Review the Paraphrasing Job

Before adding the utterances to your training set, you probably want to review them for semantics, misspellings, or spam.

To review the Paraphrasing job:
  1. You can wait for a job to complete, or if you believe that all contributions have been made to a running job, click Cancel in the Jobs page.
  2. Click Results. Only canceled or completed jobs display in the Results page.

  3. Click View for a read only view of the utterances. Using the options in this dialog, you can download the job as a CSV, or accept or reject it in its entirety.

    Before committing to rejecting or accepting all of the jobs tasks at once (which can't be undone automatically), you may instead want to download the job and clean up the results before adding them to the training set. If you follow this route, click Download either in this dialog or in the Results page.

    Tip:

    Before you can't easily remove utterances after you've accepted them, you may want to create a new version of your skill, or clone it as a precaution.
  4. Open the CSV file with spreadsheet program.
    Review the utterances in the result column against the IntentName and prompt columns. Update the utterances in the result column where needed or delete an entire row (or rows). If the utterance is beyond repair, you can delete the entire row. If a crowd worker repeatedly enters bad utterances because he didn't understand the prompts or follow the general paraphrasing guidelines, then you can sort the worksheet by the contributor column and then delete rows. If you do delete a row, be sure to delete it completely. You won't be able to upload the file otherwise.

    Tip:

    You only need to focus on the intentName, prompt, result, and contributor columns of the spreadsheet. You can ignore the others.

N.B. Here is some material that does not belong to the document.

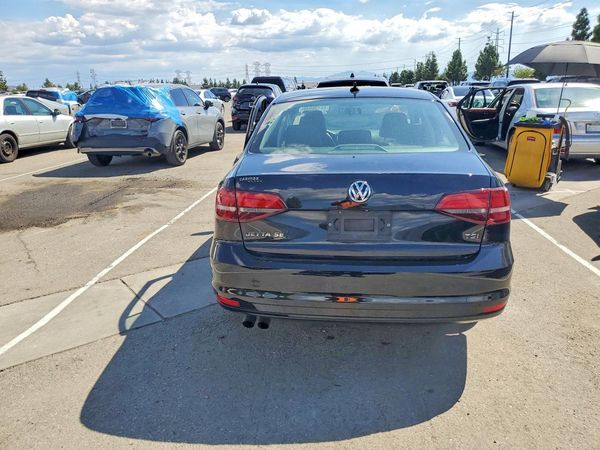 2017 VOLKSWAGEN JETTA SE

  5. When you're finished, click Upload in the Results page. Browse to, then select, the CSV file. Select Intent Paraphrasing, enter a name, then click Upload.

  6. If you want to add the utterances to an intent's training data, click Accept in the Results page. Click Reject if you don't want to add them to the training set. You might want to reject a job if it's a test, or if it can't be salvaged because of ill-conceived prompts and hints.

Annotation Jobs

Whenever you have chat data that needs to be mapped to an intent or annotated for ML Entities, you can create an Annotation job. Workers complete annotation jobs for intents by matching an utterance to an intent. For entity annotation jobs, workers label the text in the utterance for an ML Entity. You can create these jobs using a CSV file with an utterance column, previously completed annotation jobs, or by combining the two approaches. You can also create an intent annotation job from the utterances collected in the Retrainer.
Description of annotation_csv.png follows
Description of the illustration annotation_csv.png

Create the Intent Annotation Job

  1. Click + New Job in the Jobs page.
  2. Select Intent Annotation.
  3. Enter a name.
  4. Enter the language that's used by the crowd workers.
  5. Upload the file, click Continue, note the number of items for the job, then click Launch.
  6. Click Copy Link and then paste the link into an email that’s broadcast to crowd workers. Workers accept the job by clicking this link. After they sign in, crowd workers review basic rules on how to classify utterances.

    Active learning helps crowd workers out by ranking all of the skill's intents by their likelihood to match the utterance. The intent that has the highest potential to match the utterance is first. Likewise, the utterances that are currently in the corpus, which crowd workers use as a guide, are also ranked by their likelihood to match the utterance.

    You can monitor the progress in the Jobs page.

Review the Annotation Job

  1. After the job has completed, or when you've clicked Cancel because you think that job is as complete as it can be, click View.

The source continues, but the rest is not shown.